Ce raz de marée de sentiments est comme une plongée dans l’affect abîmé de Yuichi Sumida, qui ne rêve rien tant que de se faire tout petit, de cesser presque de vivre, pour ne plus souffrir. Si aimer lui fait si mal, c’est parce qu’il s’agit d’un sentiment qu’il n’a jamais connu. Mais sa reconstruction ne peut venir que de la confrontation et de l’acceptation de sa souffrance, comme le décrypte Susan Forward dans ses livres.
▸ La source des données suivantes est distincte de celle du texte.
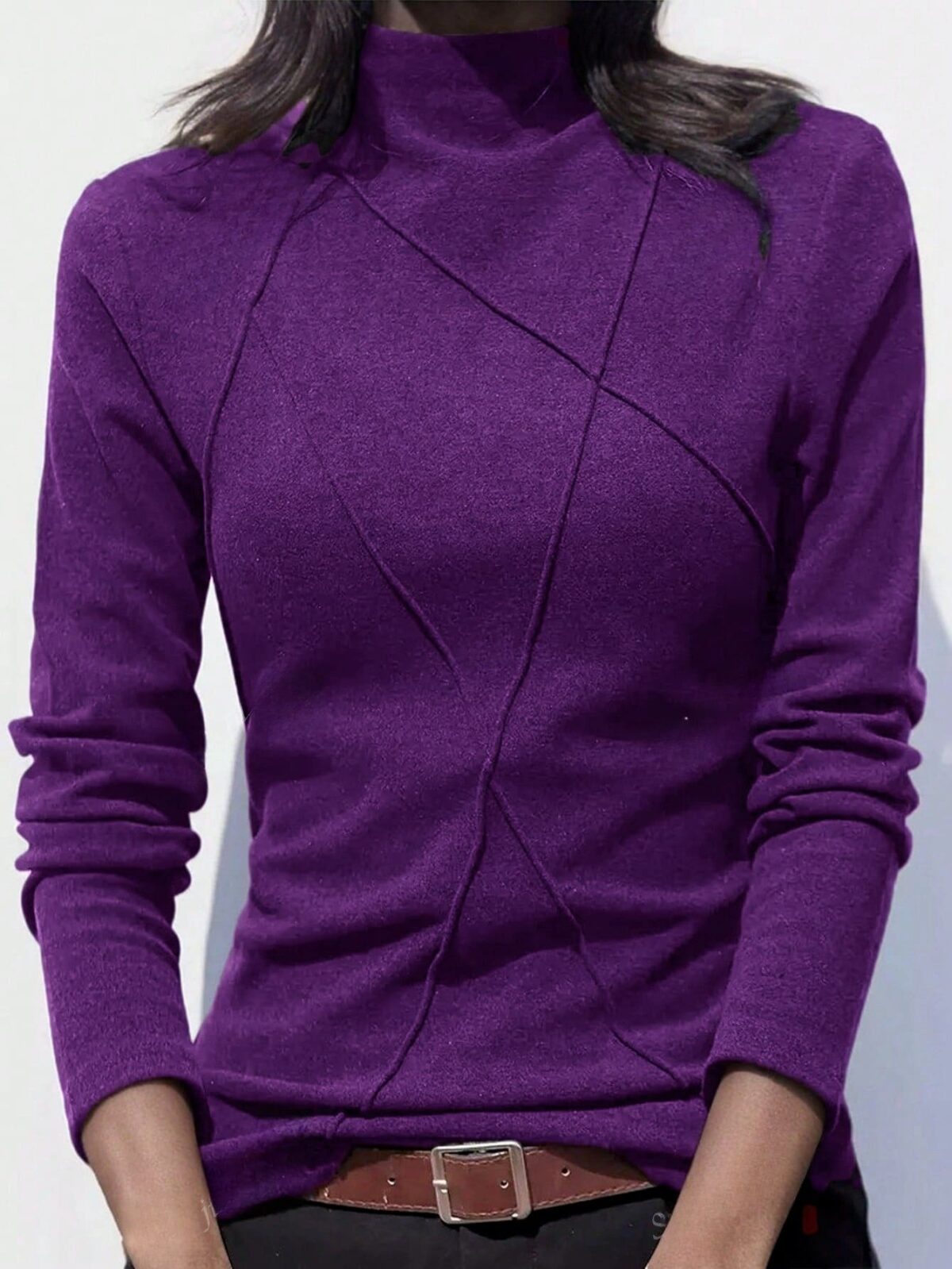 Bluza Termica Alvina Mov - imagine 1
Le réalisateur belge Felix van Groeningen a abordé des thématiques semblables dans La Merditude des choses, adaptation d’un roman de Dimitri Verhulst. Son personnage principal est un homme adulte qui semble rejeter à la fois sa place d’homme aimé et aimant et sa future place de père, le tout à cause d’une enfance passée dans un monde où l’alcoolisme faisait loi.
Ces films et les analyses des thérapeutes convergent vers les mêmes conclusions : pour faire table rase de son enfance où l’on a été mal-aimé·e, il faut d’abord faire un travail sur soi, apprendre à se détacher de sa culpabilité d’enfant, voire couper les ponts avec ses parents mal-aimants.
Il s’agit ensuite d’accepter d’apprendre, comme si l’on était un enfant qui commence à marcher ou à parler, à aimer petit à petit –en commençant par apprendre à s’aimer soi.